+++ EXTRACTED INFORMATION +++
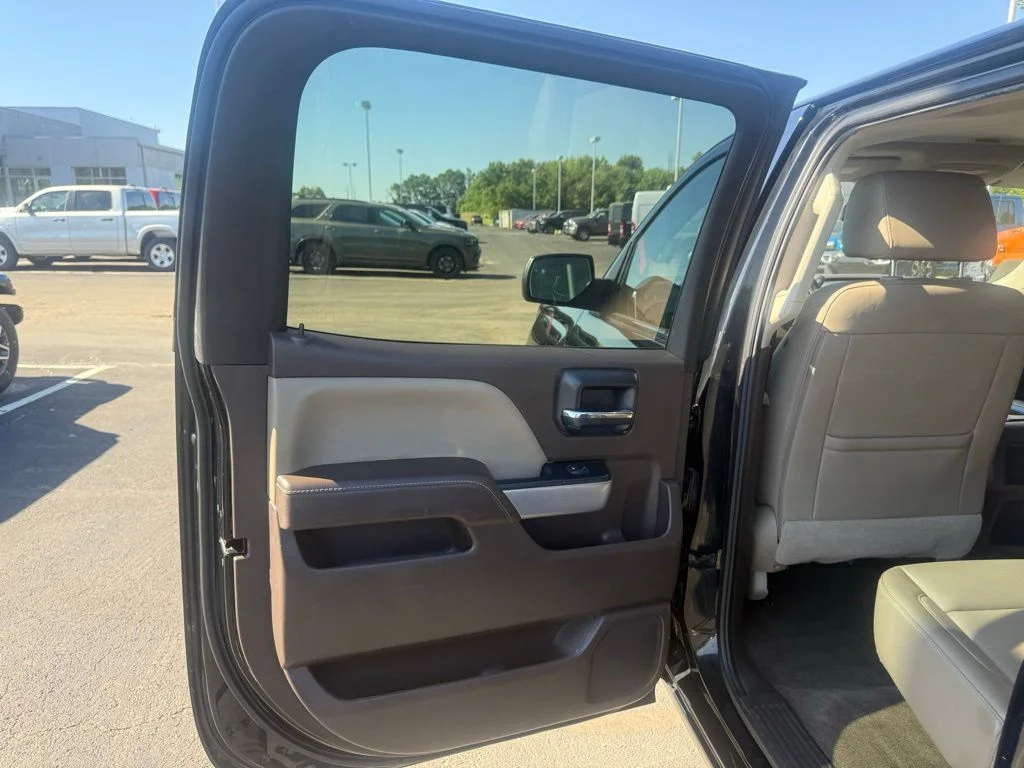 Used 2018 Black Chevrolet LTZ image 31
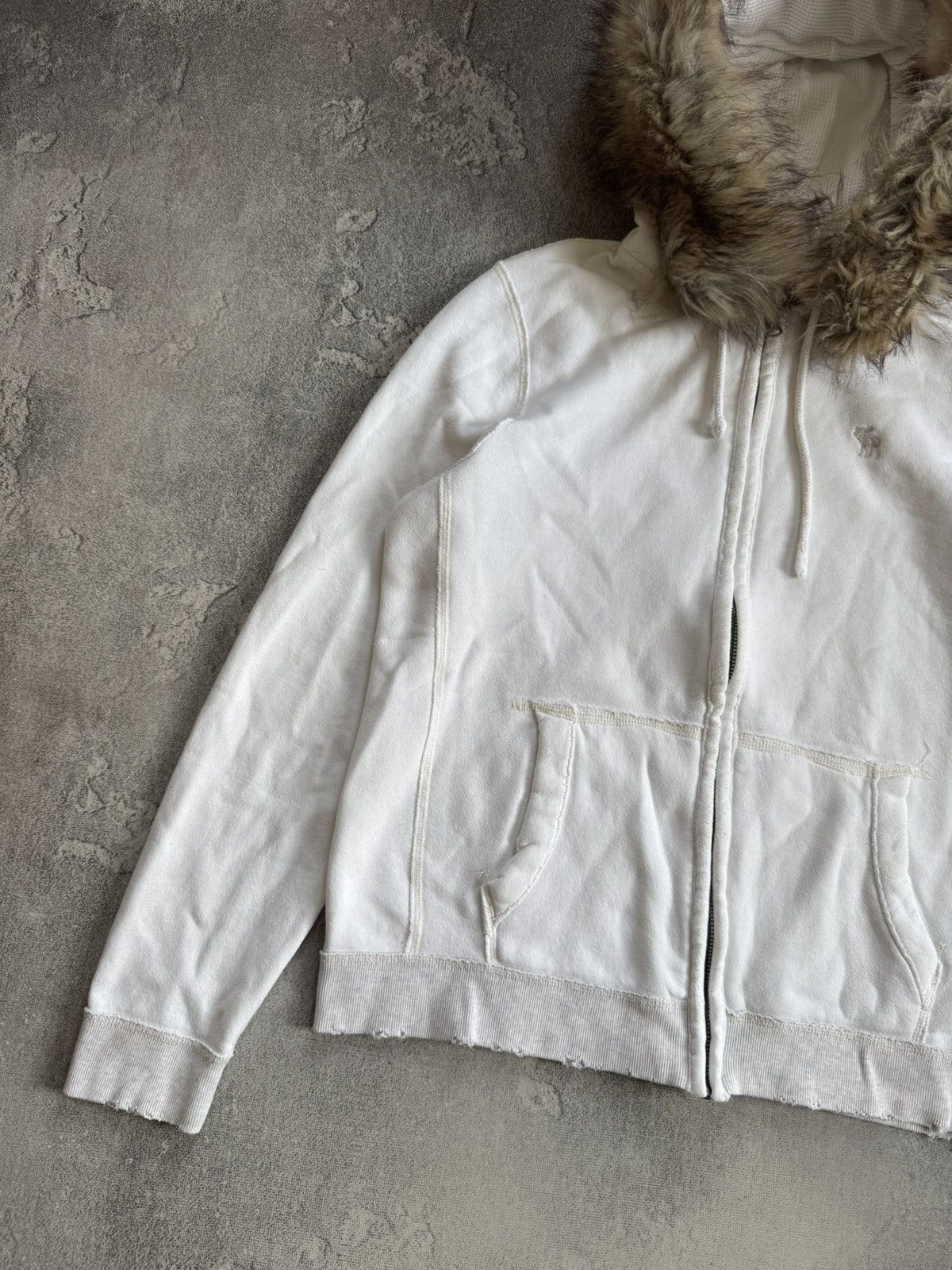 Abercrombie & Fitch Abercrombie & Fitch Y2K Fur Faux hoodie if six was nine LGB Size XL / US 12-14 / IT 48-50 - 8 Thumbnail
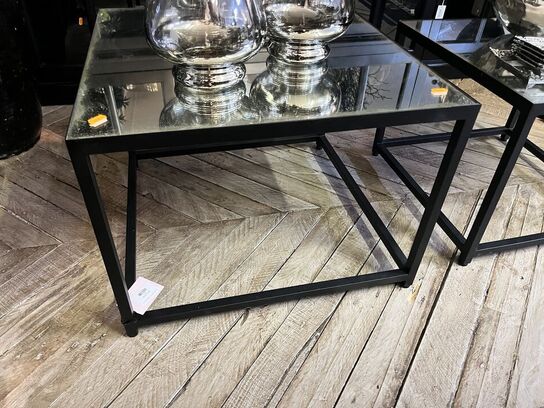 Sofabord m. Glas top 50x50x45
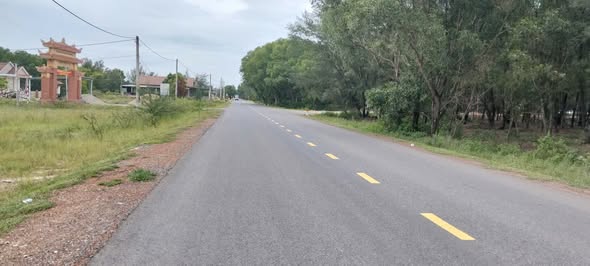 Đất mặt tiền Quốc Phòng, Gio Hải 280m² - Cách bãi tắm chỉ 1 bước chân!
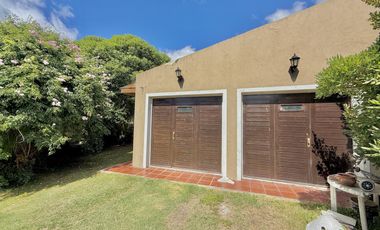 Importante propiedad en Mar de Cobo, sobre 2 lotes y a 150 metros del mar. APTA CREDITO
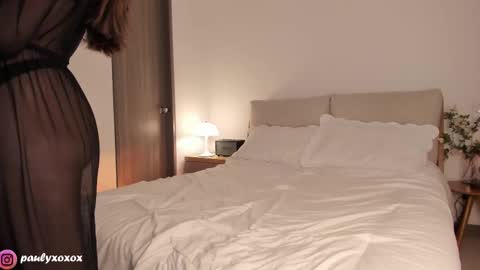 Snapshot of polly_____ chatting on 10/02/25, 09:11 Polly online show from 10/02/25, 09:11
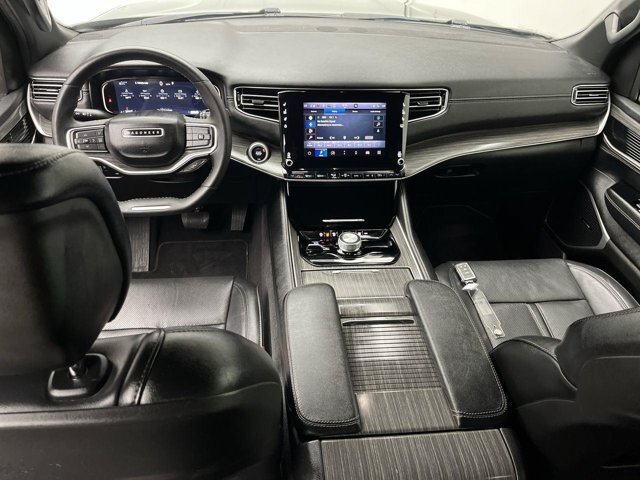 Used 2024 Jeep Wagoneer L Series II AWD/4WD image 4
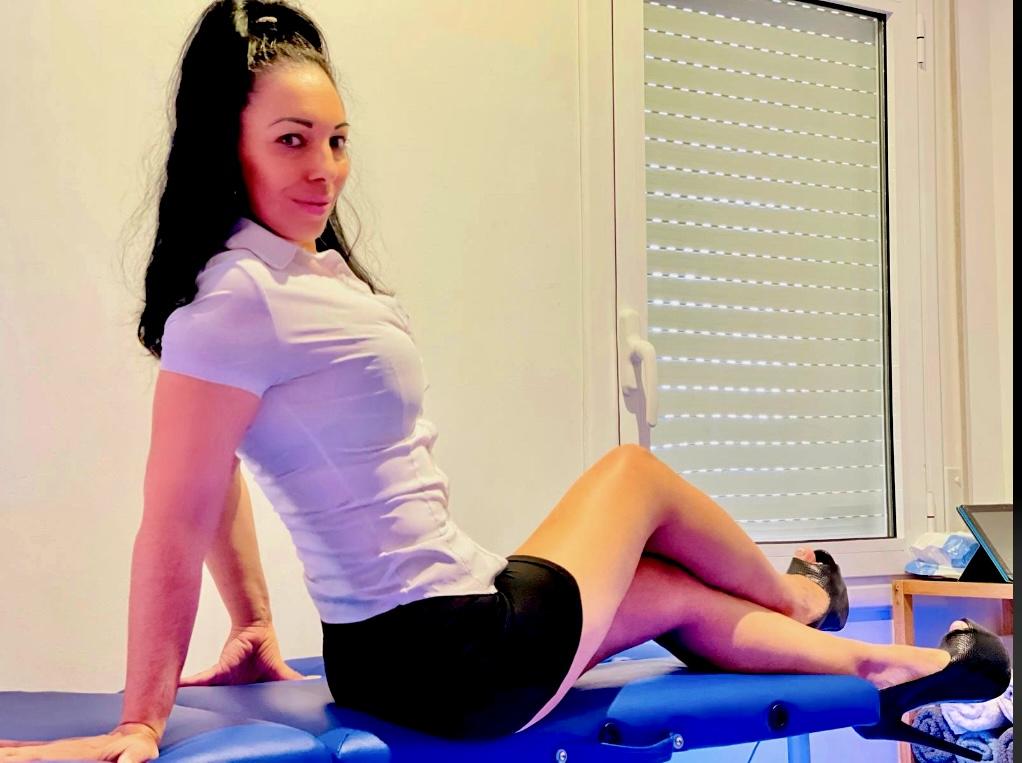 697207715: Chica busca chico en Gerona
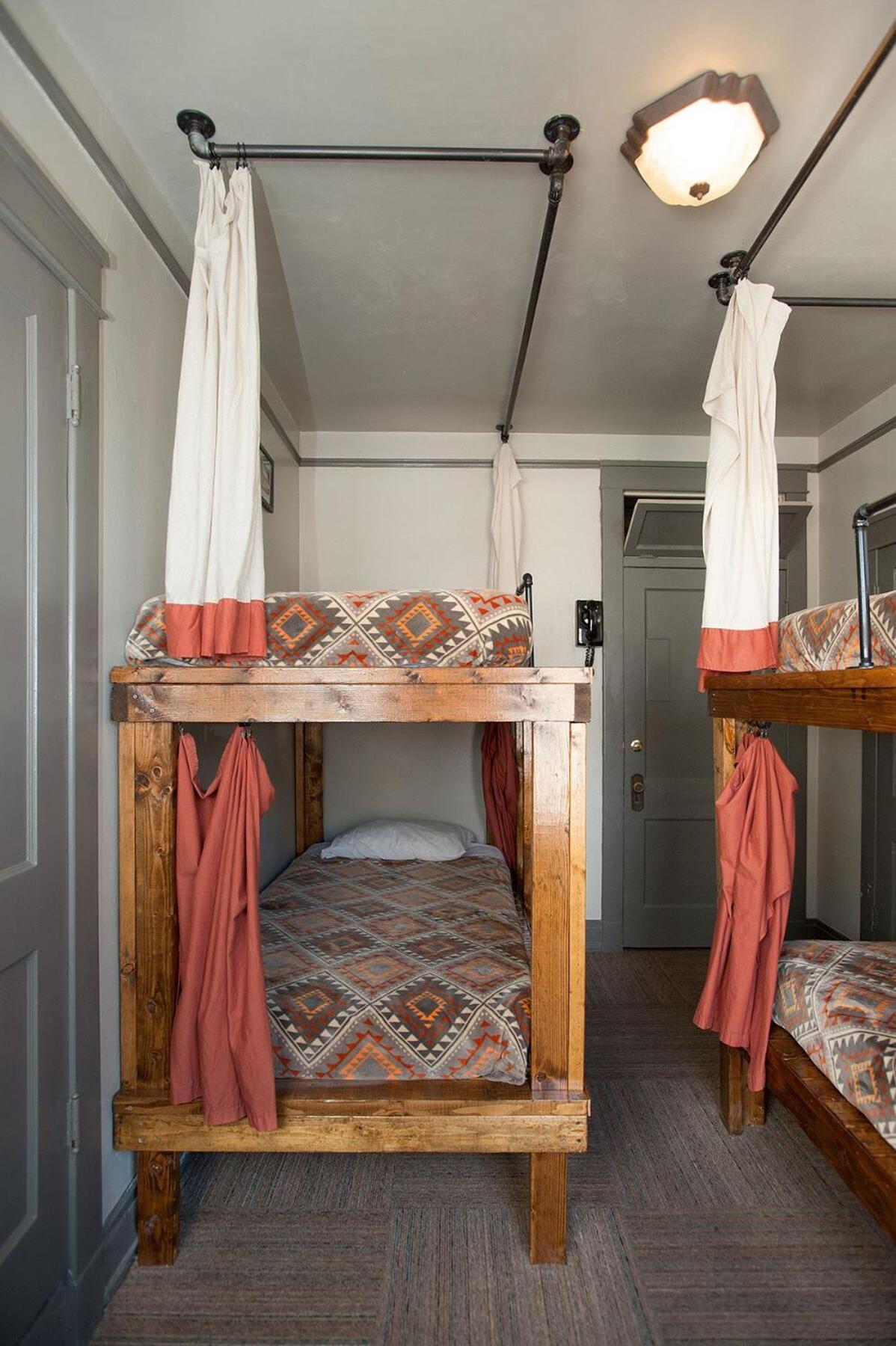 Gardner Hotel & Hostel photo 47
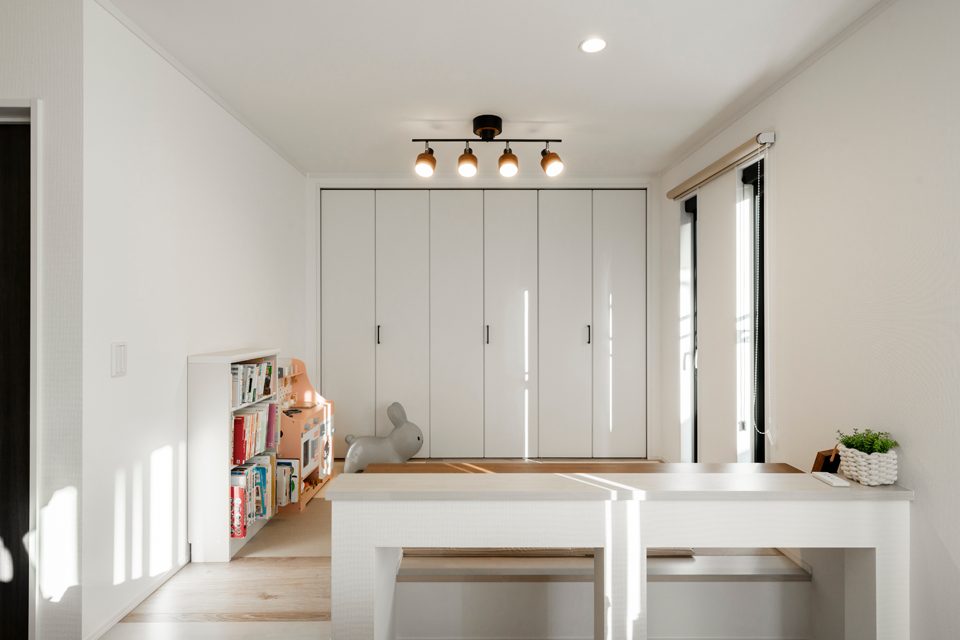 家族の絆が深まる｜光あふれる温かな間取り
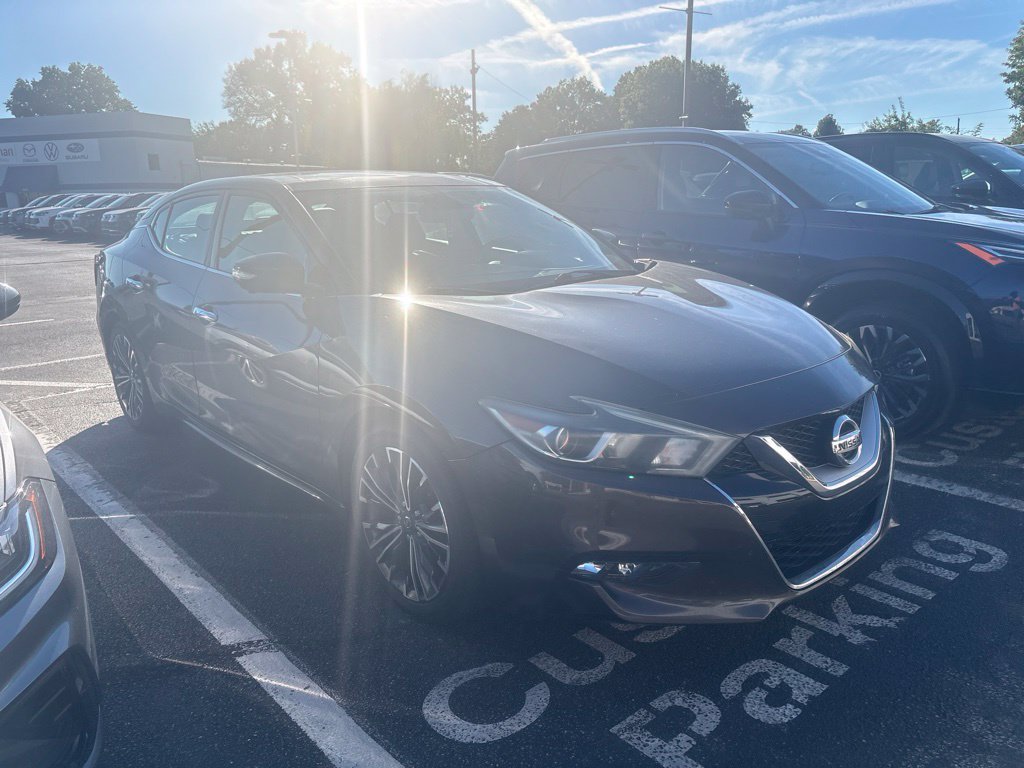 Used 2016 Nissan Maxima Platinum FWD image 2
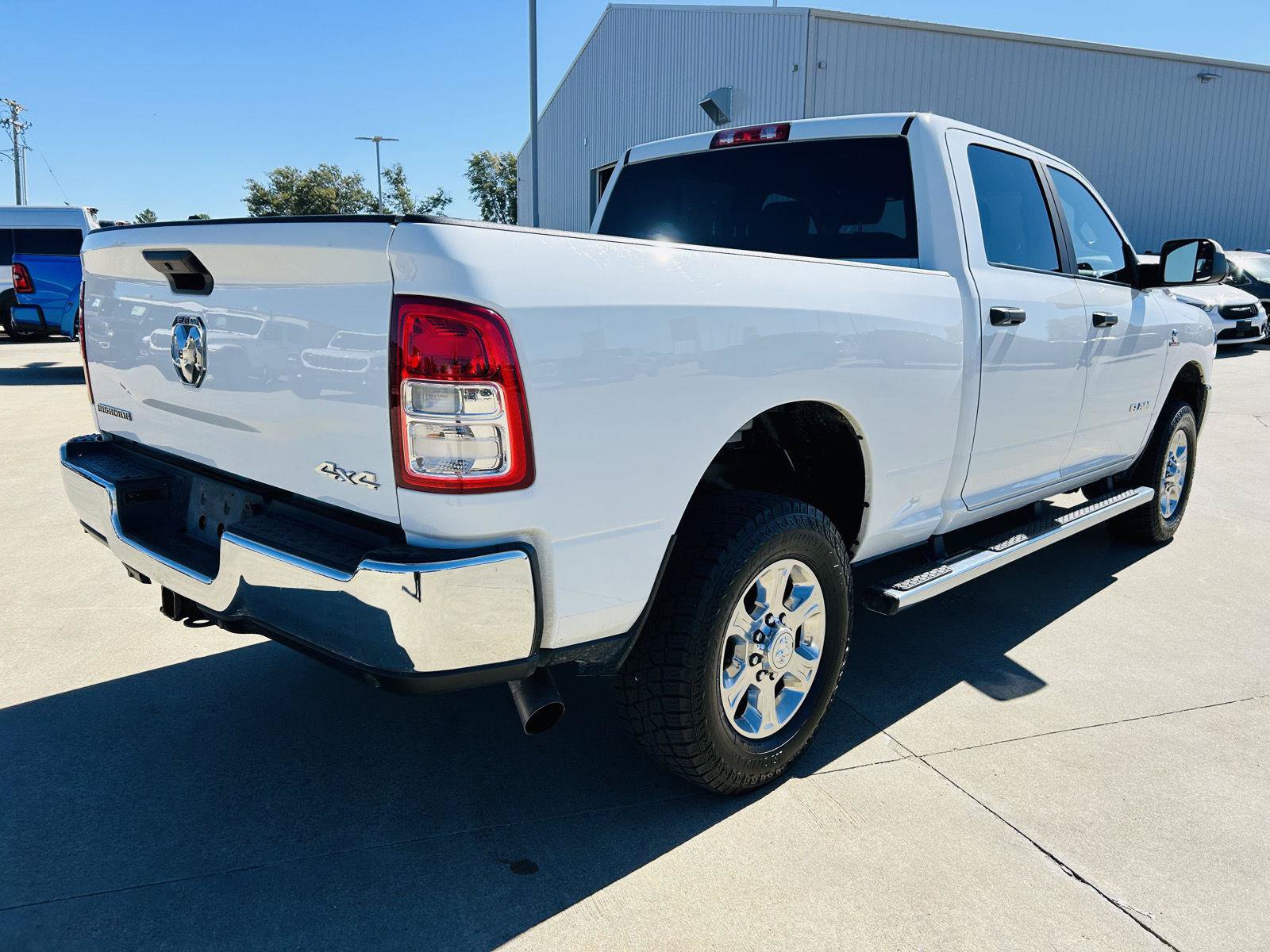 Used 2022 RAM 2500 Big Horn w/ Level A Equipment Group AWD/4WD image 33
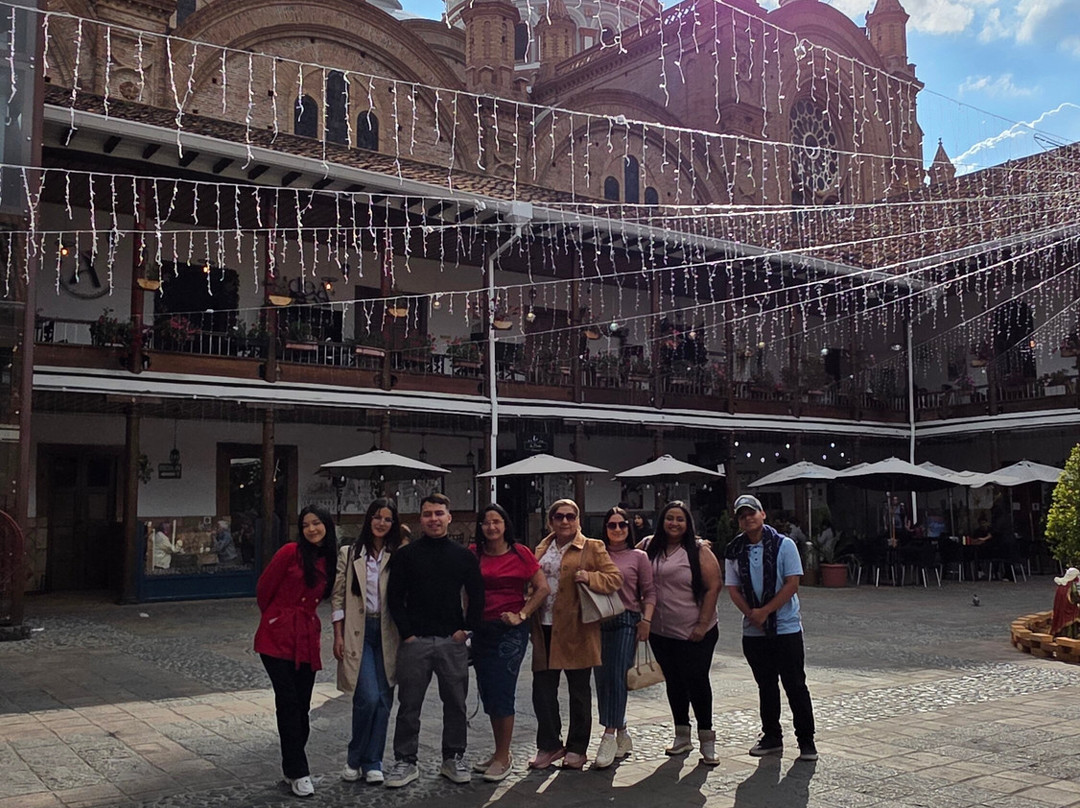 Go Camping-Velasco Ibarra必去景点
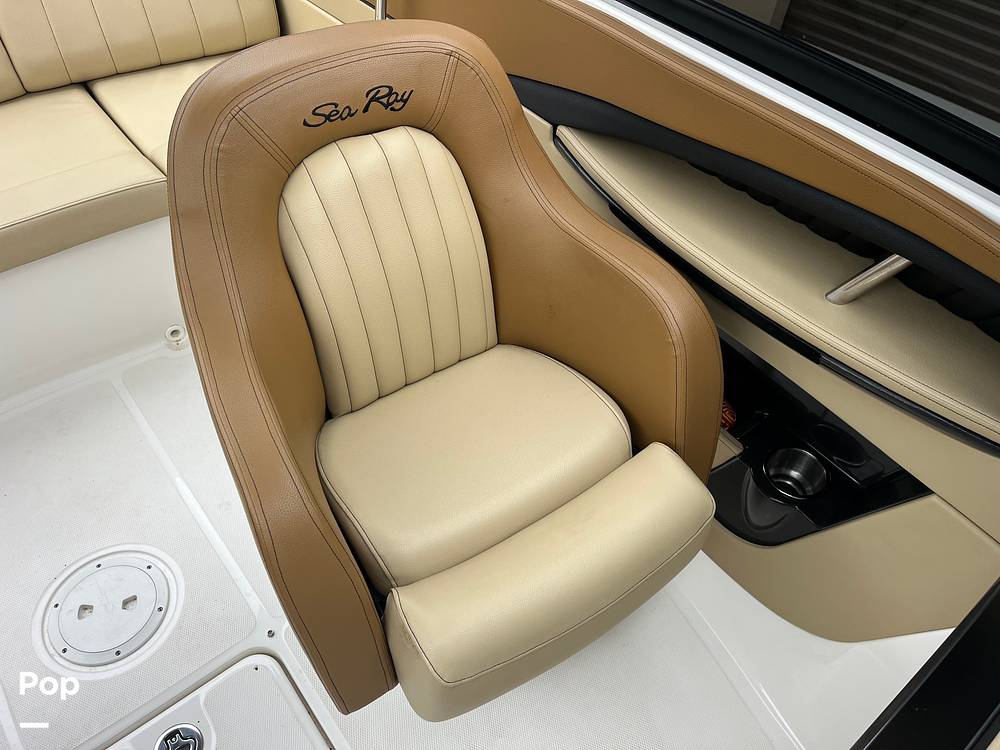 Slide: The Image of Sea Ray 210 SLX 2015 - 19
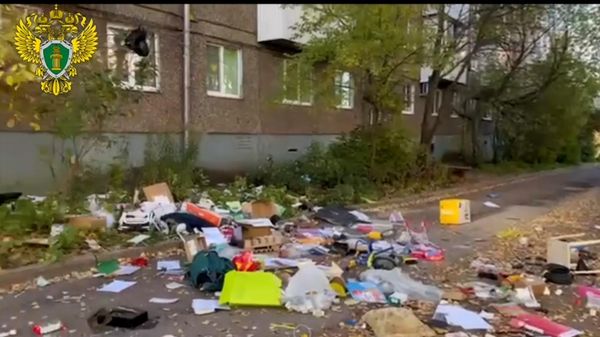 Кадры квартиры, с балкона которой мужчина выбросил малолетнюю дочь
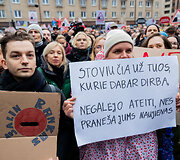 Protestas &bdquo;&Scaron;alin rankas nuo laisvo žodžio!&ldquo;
+++
** ACTIVITY **
Write out the lines of the entries above exactly, beginning with the first and ending with the line that contains "Đất mặt tiền". No picture goes in.

** RESULT OF THE TASK **
 Used 2018 Black Chevrolet LTZ image 31
 Abercrombie & Fitch Abercrombie & Fitch Y2K Fur Faux hoodie if six was nine LGB Size XL / US 12-14 / IT 48-50 - 8 Thumbnail
 Sofabord m. Glas top 50x50x45
 Đất mặt tiền Quốc Phòng, Gio Hải 280m² - Cách bãi tắm chỉ 1 bước chân!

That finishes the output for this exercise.